Codeseven brings live show to Boone Kevin Delury
Contributing Writer
   The lineup last Friday night at the Tremont Music Hall in Charlotte reads like a who’s who of the North Carolina hardcore scene. Starting off the evening was Aria, followed up by Celebrity, Between the Buried, and Me and Hopesfall.
    Slotted in the midst of this all-star heavy lineup is Winston-Salem’s Codeseven. The band takes the stage complete with an ethereal light show, and singer Jeff Jenkins immediately begins to throw himself about the stage like a possessed rag doll. Without warning, Jenkins focuses all his attention on the microphone and attacks it with all his energy, belting out with a voice that almost completely changes his demeanor.
    The audience is likewise taken with the music, either singing along with Jenkins or simply nodding their heads. Interesting, considering Codeseven’s music isn’t exactly what would be labeled as a hardcore act.
    The band’s latest album, “The Rescue,” abandoned the breakdowns and screaming sing-along anthems of their previous albums “Paper or Plastic,” “A Sense of Coalition” and “Division of Labor” in favor of a more experimental sound a la Radiohead’s “OK Computer.” Their music now comes on as a layered sonic opus, braving territory that hardcore bands rarely, if ever, venture into.
    “Everything we do always changes, and we’re always progressing musically,” guitarist James Tuttle said. “We don’t hold back.
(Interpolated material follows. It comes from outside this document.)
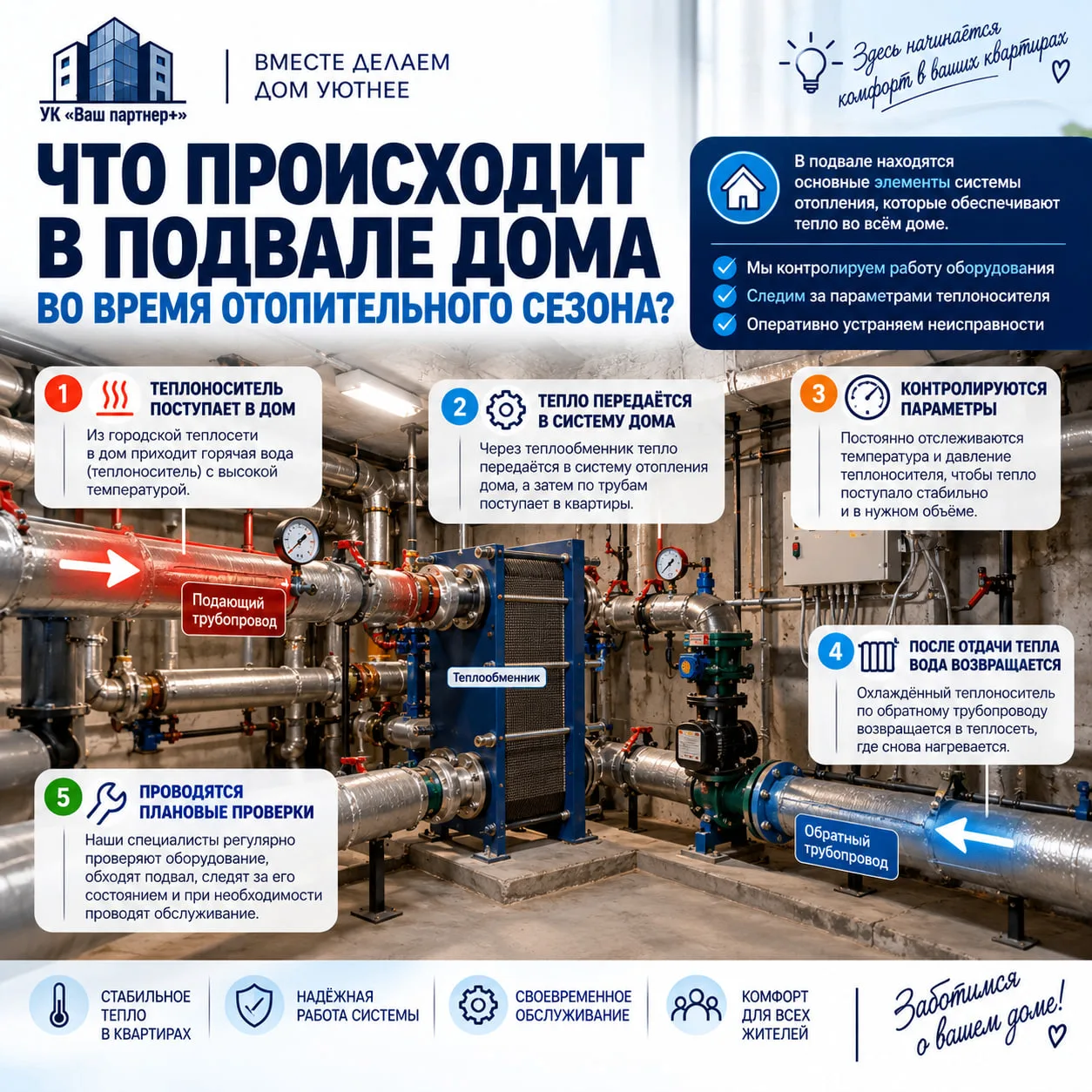 🔧 Что происходит в подвале дома во время отопительного сезона?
We’re not afraid to try something new and push ourselves to do something different regardless of what other people may want us to do.”
    Codeseven’s roster is comprised of vocalist Jeff Jenkins, guitarists Eric Weyer and James Tuttle, Jon Tuttle on bass, and drummer Mathew Tuttle.
    James, Jon and Mathew Tuttle, all brothers, have been playing with Codeseven since its conception 10 years ago.
    “I had no intention of playing with my brothers at all,” James Tuttle said. “We all thought we were too good to play with each other.”
    Still, the fact that three-fifths of the band is family undoubtedly adds a fluid, seamless quality to the music.
    “It gives it sort of a fingerprint,” Jenkins said.
    While their music doesn’t necessarily fit the mold of what most think a hardcore band should be, Codeseven has continued to tour with heavier acts such as Eighteen Visions and play nationwide hardcore festivals such as Florida’s Gainesville Fest, where the band was slotted alongside the likes of Everytime I Die, Shai Hulud and Converge.
    “It’s very awkward,” James Tuttle said. “We’re always the odd band out. It’s a challenge, definitely. We’re still a hardcore band, we’re still in that mindset, and we love playing with hardcore bands. Musically we don’t fit in at all, but we’re gradually winning the hardcore crowd over instead of distancing ourselves. We just want to expose ourselves to people who wouldn’t want to hear this and see what we can create from that.”
    On April 10, Codeseven will bring their live show back to Boone. The band will be performing at Geno’s Sports Lounge as part of WASU’s 31st Anniversary Boonetown Mix-up.